- **SUPPLIED DATA**:
□ □ □ □ □ □ □
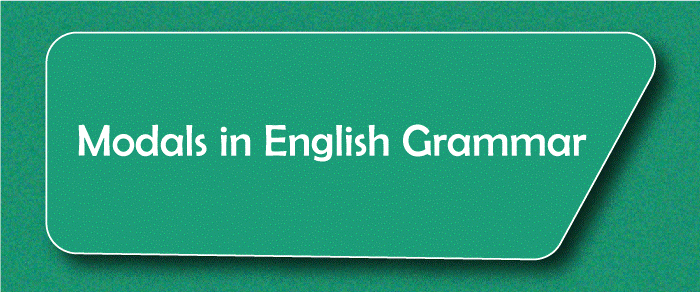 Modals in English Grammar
□ □ □ □ □ □ □
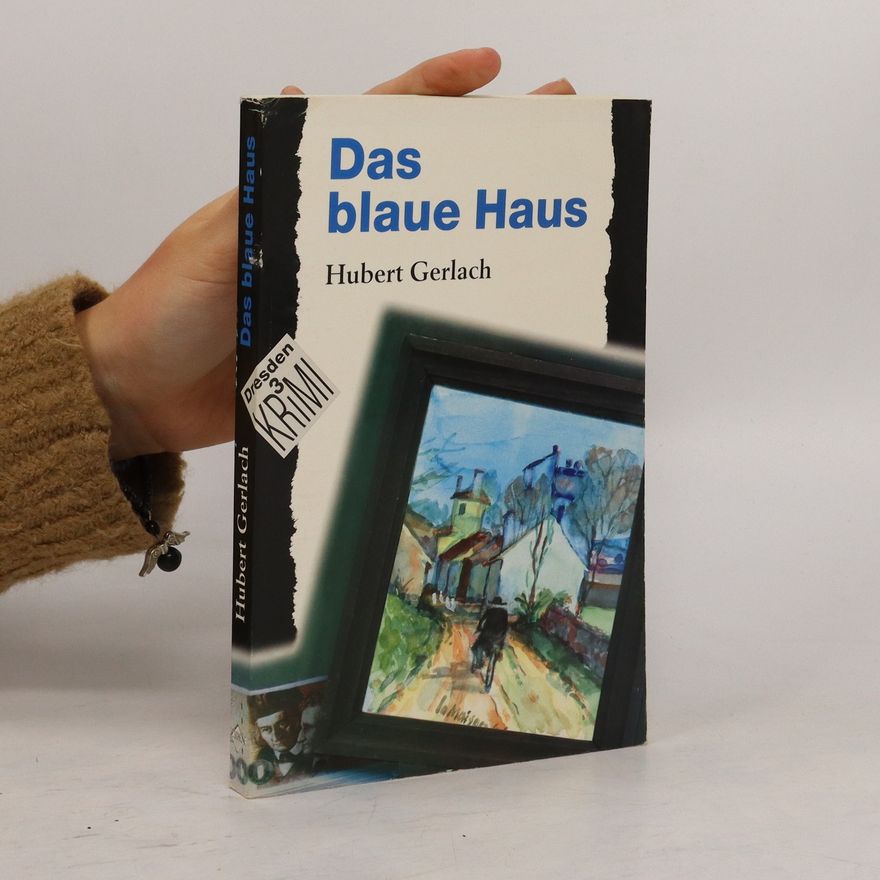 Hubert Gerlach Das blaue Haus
□ □ □ □ □ □ □
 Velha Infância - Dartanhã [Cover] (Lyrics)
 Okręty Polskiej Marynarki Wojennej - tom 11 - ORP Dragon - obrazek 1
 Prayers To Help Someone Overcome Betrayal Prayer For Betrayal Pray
□ □ □ □ □ □ □
Restate word for word the entries above, starting at the line with "Okręty Polskiej Marynarki" and ending at the line with "Prayers To Help", inclusive, and no others.

- **YOUR SOLUTION**:
 Okręty Polskiej Marynarki Wojennej - tom 11 - ORP Dragon - obrazek 1
 Prayers To Help Someone Overcome Betrayal Prayer For Betrayal Pray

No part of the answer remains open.